Старший брат улыбнулся и ласково коснулся ладонью плеча Ахилла.
— Тебе я верю. Потому только с тобой этим и делюсь.
Некоторое время они помолчали, потом Ахилл проговорил:
— В конце концов, если мы не найдём Андромаху, ты можешь через несколько лет жениться на Авлоне.
Гектор усмехнулся.
— Смешно, но я об этом думал. Нет, не смогу... Сходство — это только сходство. Ты мог бы любить женщину, похожую на Пентесилею?
— Не мог бы, — честно сказал Ахилл. — Второй такой нет и быть не может.

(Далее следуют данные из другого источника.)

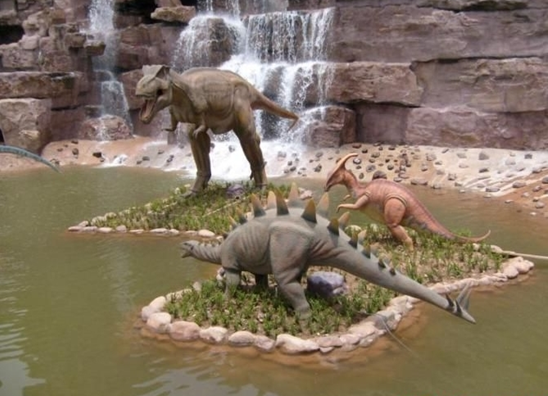 云南永川龙捕食沱江龙展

— Вот-вот... И второй Андромахи тоже.
— Но ты — царь. Всё равно тебе придётся взять жену, чтобы у тебя был наследник.
Теперь Гектор рассмеялся.
— Сперва добраться бы до царства, братец! А что до наследника, то найдём и так — во-он бегает... Чем не наследник? И тоже — внук Приама.
Ахилл хотел было возразить, но, поймав взгляд брата, вновь понял его без слов. И промолчал.

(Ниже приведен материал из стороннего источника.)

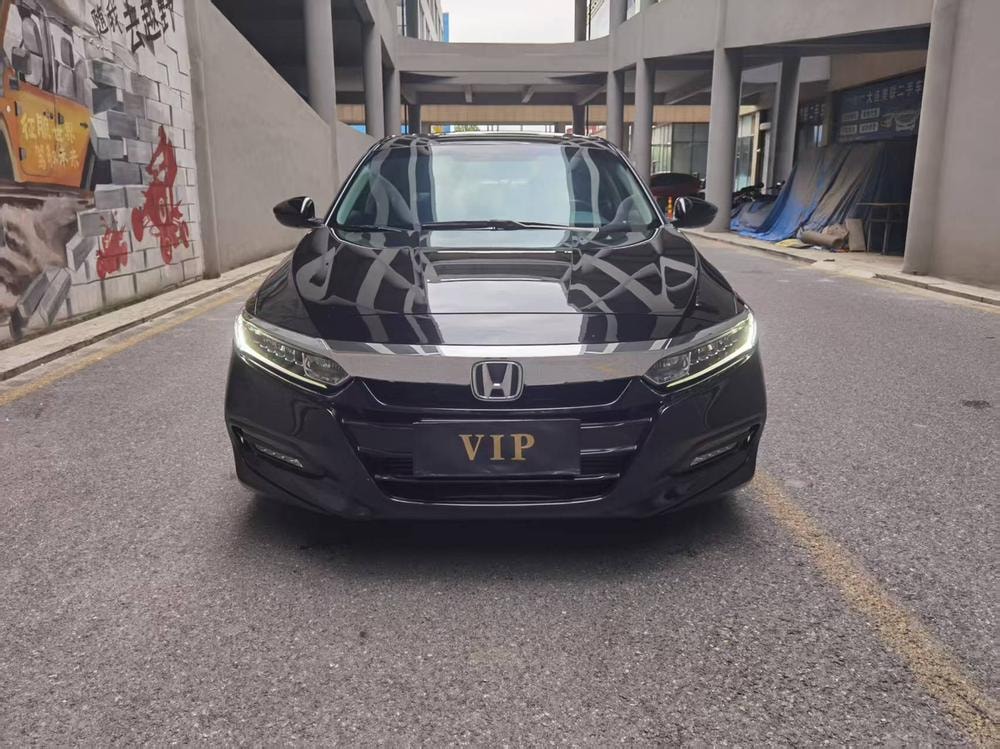 Honda Accord 2018 — фото автомобиля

На следующий день решено было оставаться здесь же, однако проявлять осторожность во всём: насторожиться заставила близость племени дикарей, о которых они ничего не знали, кроме того, что они (но крайней мере, один из них) носят мех чёрной обезьяны, и что их, если верить словам Муаббы, примерно полторы сотни. Такое количество негров, вооружённых примитивными луками, копьями с каменными наконечниками и дубинами, никак не могло испугать великих героев, однако они слишком хорошо знали (из рассказов египтян, из историй, услышанных в детстве и юности), как эти самые дикари любят ядовитые стрелы и всевозможные ловушки, а быть уверенными, что племя будет миролюбивым, коль скоро Ахилл и Гектор спасли Муаббу от слонов, путешественники вовсе не могли — у дикарей зачастую были свои собственные представления о долге, благодарности и тому подобных понятиях, которым развитые народы уделяли так много внимания.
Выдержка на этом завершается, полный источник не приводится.